The second of two articles on the main parties’ housing policies looks at their plans to boost homeownership, which is a particular focus for the Conservatives
The gasp from the audience at this week’s housing hustings said it all. It was prompted by homelessness minister Luke Hall’s statement, in response to a question at the event held at the RIBA in London, that a reasonable share of income to spend on housing costs was 50%.
His response, when all the other parties’ representatives had said one-third, shed light on the Conservatives’ approach to affordable housing. But then homeownership, not affordability, is the key housing issue for the Tories, as a perusal of their election manifesto reveals.
In the second part of a two-party feature on the housing policy platforms of the two main parties, Housing Today focuses on homeownership, and how the Conservatives in particular are aiming to revive the homeownership dream.
Fighting the fall in ownership
Their manifesto says “more homeownership” in a rebalanced housing market would be the goal of a Tory government, delivering “hundreds of thousands” of affordable homes in a revamped programme. Many of these, however, are likely to be shared-ownership properties, judging by current rates of delivery.
This focus on ownership marks a contrast with Theresa May’s premiership, which saw significant funding increases for affordable housing, says Melanie Rees, head of policy at the Chartered Institute for Housing.
“We’ve seen a shift from previous policy around homes: the focus is almost entirely on homeownership. This is a backward step from what we heard from [former communities secretary] Sajid Javid and Theresa May,” she says.
The balance is already skewed substantially towards homeownership, once support through the Help to Buy programme is factored in, Rees says. “Without spending a penny more, we could dramatically increase the number of homes for social rent,” she believes.
Homeownership rates have rebounded to 65% after hitting a 30-year low of 63.4% in 2016. However, among those born in the late 1980s, who would traditionally be regarded as classic first-time buyers, only a quarter are owner-occupiers, according to analysis conducted by the Institute for Fiscal Studies think tank. The level of homeownership among this age group is even lower in the South-east, the UK’s least affordable region.

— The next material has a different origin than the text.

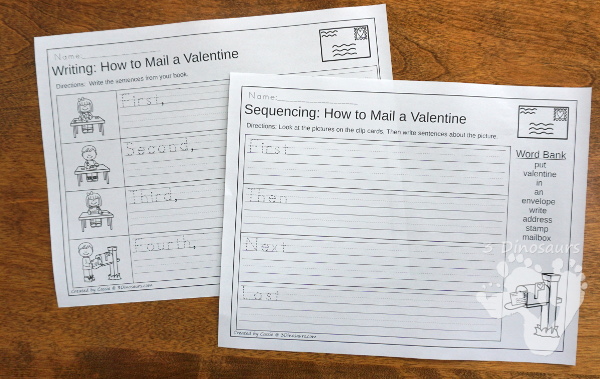 Two Fun Valentines Sequencing Sets: Making a Valentines and How To Mailing a Valentine -  with clip cards, task cards, no-prep worksheets and easy reader books $ - 3Dinosaurs.com #printablesforkids #sequencingforkids  #valetninesprintables #tpt #teacherspayteachers
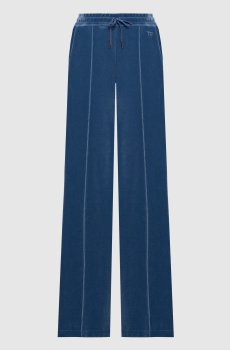 Синие спортивные велюровые брюки с монограммой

We’ve seen a shift from previous policy around homes: the focus is almost entirely on homeownership. This is a backward step from what we heard from Theresa May
Melanie Rees, Chartered Institute for Housing
The Tory manifesto offers no further stay of execution for the Help to Buy scheme, which it confirms will be wound up in 2023 as previously announced.
Pointing out that Help to Buy accounts for 25% of all sales in England and a third of those outside London, Nick Whitten, director of research at property consultant JLL, says the scheme’s closure will create headaches for housebuilders. “The industry is reliant on Help to Buy whether we like it or not,” he says.
Housebuilders appear resigned to Help to Buy’s disappearance but will be keen to find out more about the Tories’ promise, dangled in their manifesto, of a review to establish new ways to support homeownership.
Start homes and key workers
Tamara Hooper, RICS policy manager, says Help to Buy’s replacement should be much more focused than the existing scheme on helping first-time buyers get onto the housing ladder. And this group is the target of a pledge in the Tory manifesto to effectively reheat the Starter Homes Initiative.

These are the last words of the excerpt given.